Workers assemble two prefabricated boxes to create a modular accessory dwelling unit in Arlington. (Photo courtesy Frank Tadley/Housing Corporation of Arlington)

As Massachusetts cities and towns confront an ongoing housing crisis, a partnership between the town of Arlington and a local nonprofit has resulted in the installation of an all-electric, modular accessory dwelling unit that leaders hope will inspire similar innovations elsewhere in the region.

Through its Affordable Housing Trust, the town used $260,000 in American Rescue Plan Act funds to the nonprofit Housing Corporation of Arlington to help fund the ADU, which was installed behind a two-family home owned by the nonprofit.

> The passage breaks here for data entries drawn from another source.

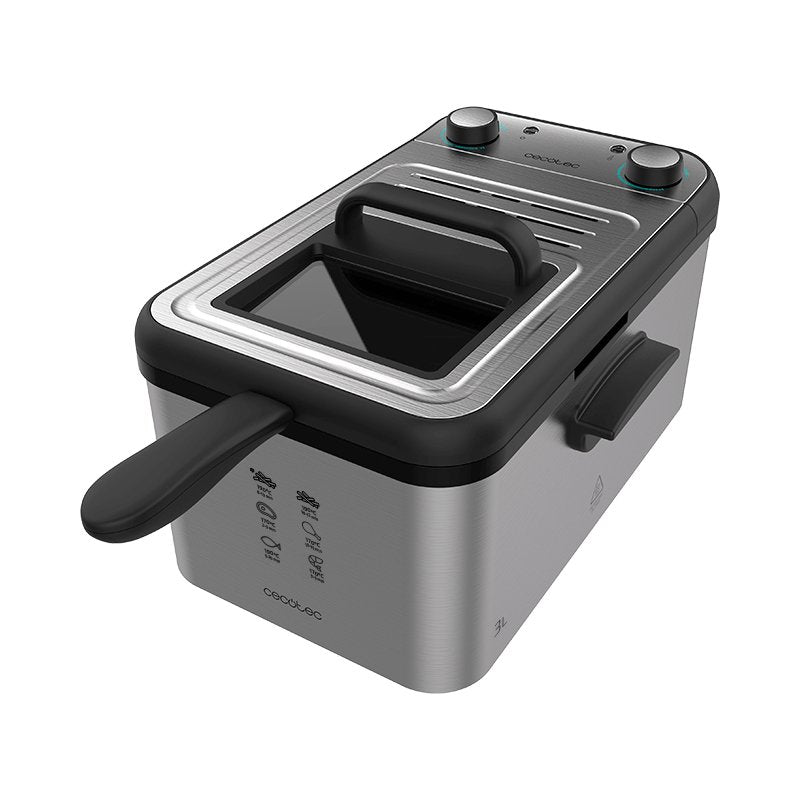 Fryer Cleanfry Infinity 3000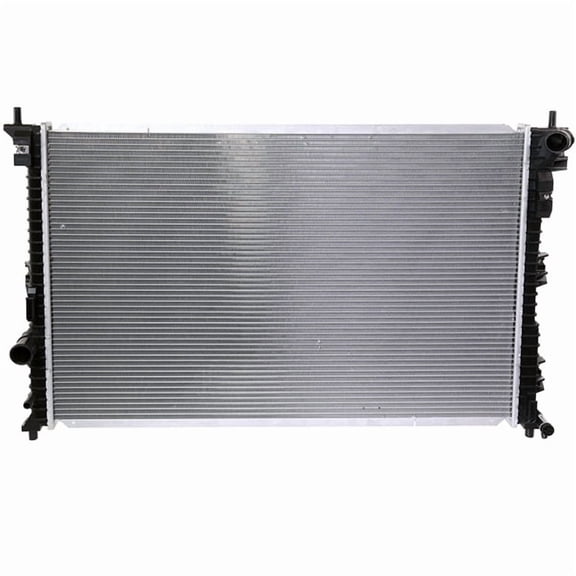 Denso First Time Fit Radiator Fits select: 2013-2018 FORD EXPLORER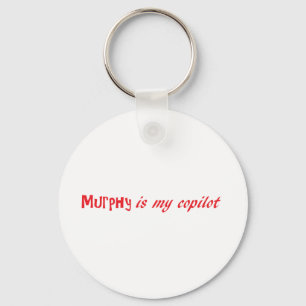 Murphy Key Ring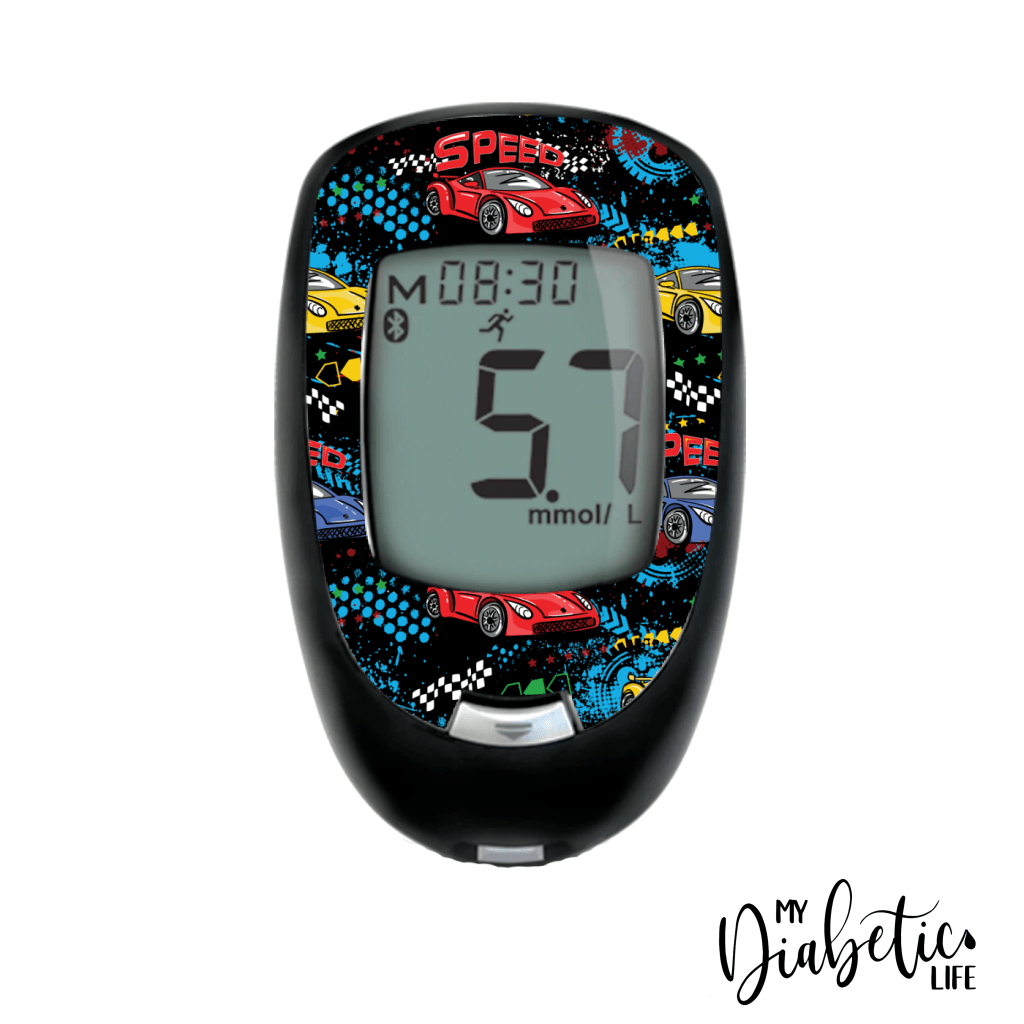 Speed Racer - True Metrix Air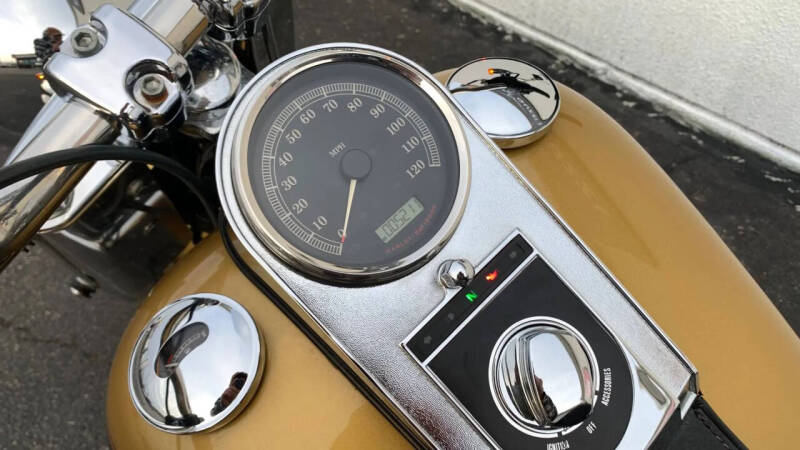 2017 Harley-Davidson FLSTF Fat Boy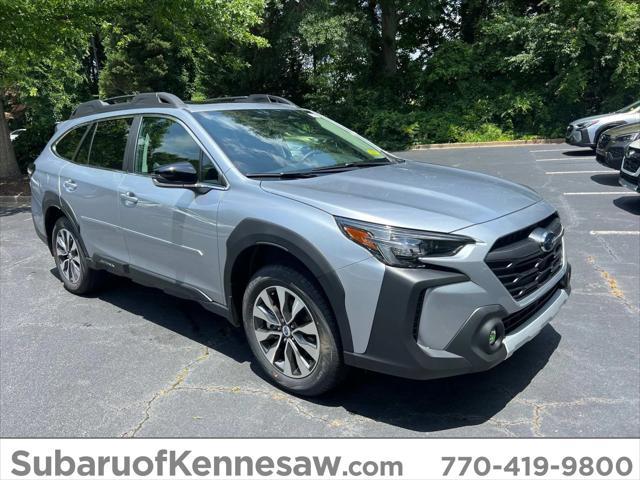 new 2025 Subaru Outback car, priced at $42,239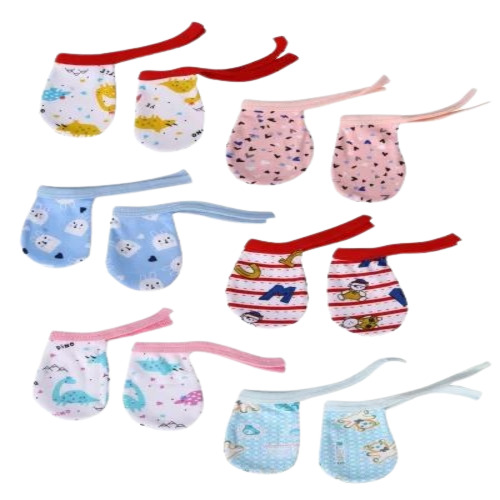 Baby Mitten And Bootie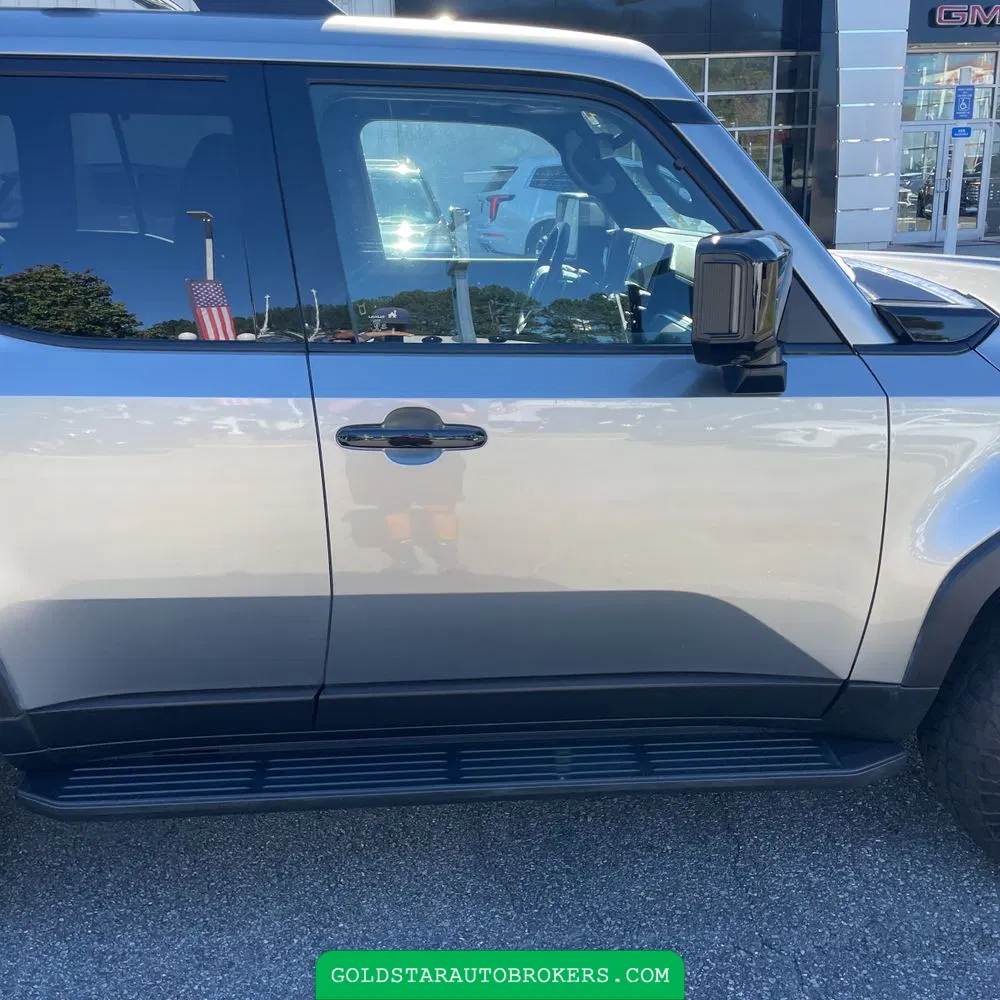 2024 Lexus GX 550 Overtrail+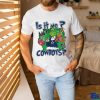 All your are Santa Grinch cried Christmas shirt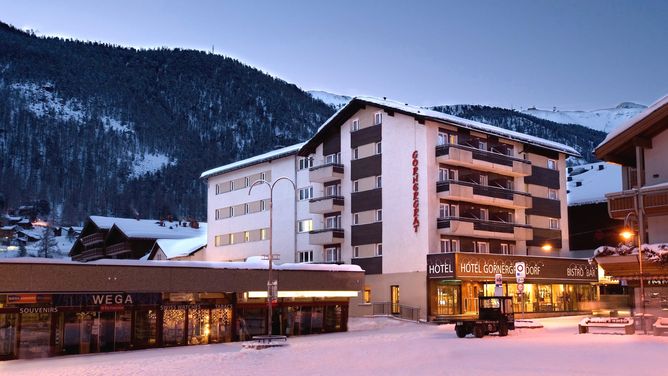 Hotel Gornergrat-Dorf in Zermatt (Schweiz)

The town, which already had a close working relationship with HCA, saw the project as another opportunity to support the nonprofit’s work, widen the housing options available to residents, and demonstrate its commitment to sustainable building solutions, said Town Manager Jim Feeney.

“It checked a number of boxes that exist within the town’s published plans,” Feeney said. “It certainly touched upon the sustainability goals that we have, given that it’s all-electric, [and] obviously, we have a need for more housing, especially more affordable housing.”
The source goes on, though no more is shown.